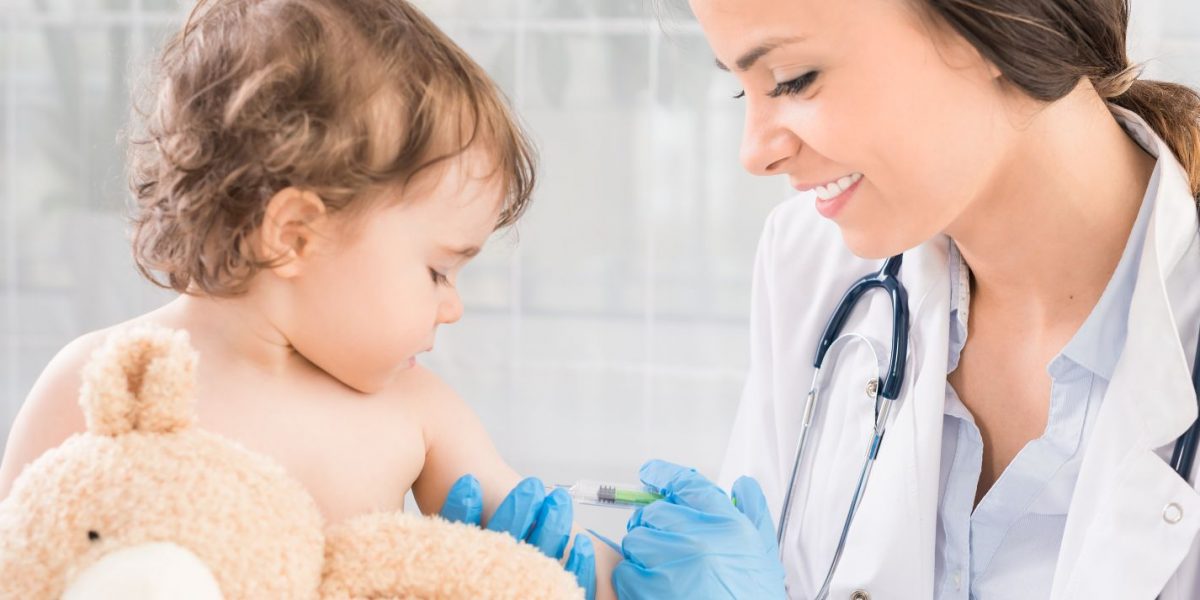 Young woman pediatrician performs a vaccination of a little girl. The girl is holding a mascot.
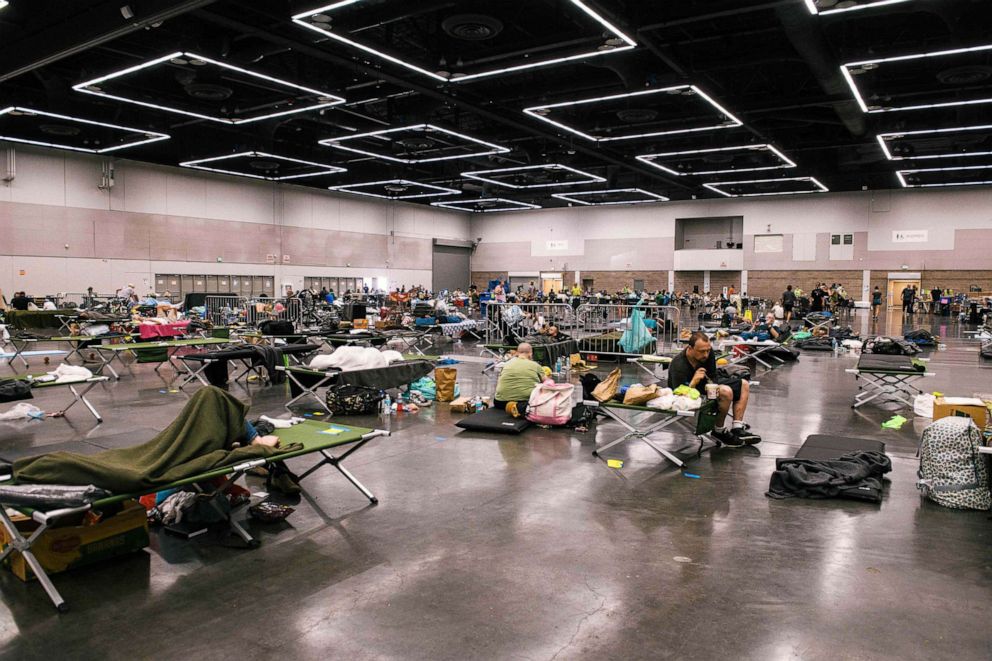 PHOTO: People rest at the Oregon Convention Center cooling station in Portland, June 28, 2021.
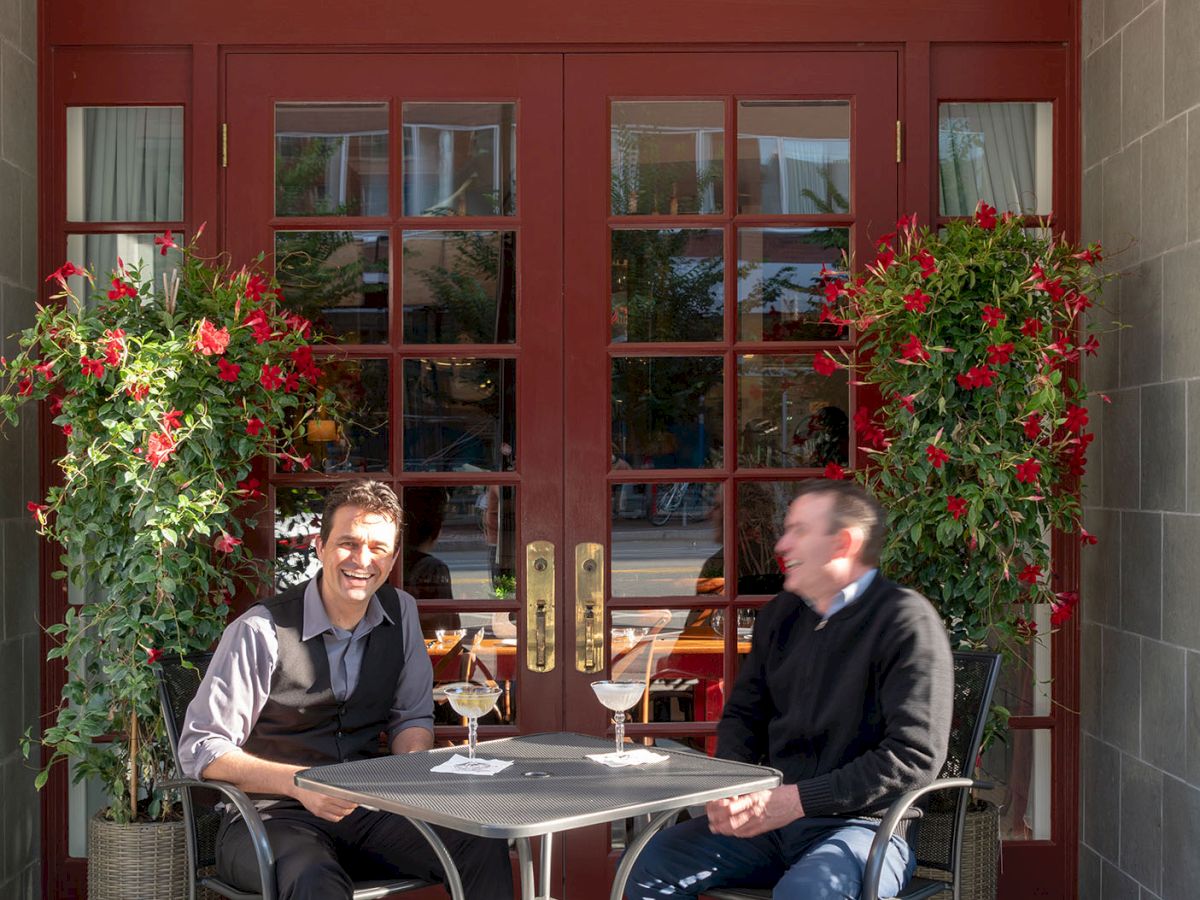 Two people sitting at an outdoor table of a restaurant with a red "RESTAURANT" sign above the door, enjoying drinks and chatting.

···

Task description: What is needed is a verbatim copy of the material, minus its pictures.

Exercise answer:
 Young woman pediatrician performs a vaccination of a little girl. The girl is holding a mascot.
 PHOTO: People rest at the Oregon Convention Center cooling station in Portland, June 28, 2021.
 Two people sitting at an outdoor table of a restaurant with a red "RESTAURANT" sign above the door, enjoying drinks and chatting.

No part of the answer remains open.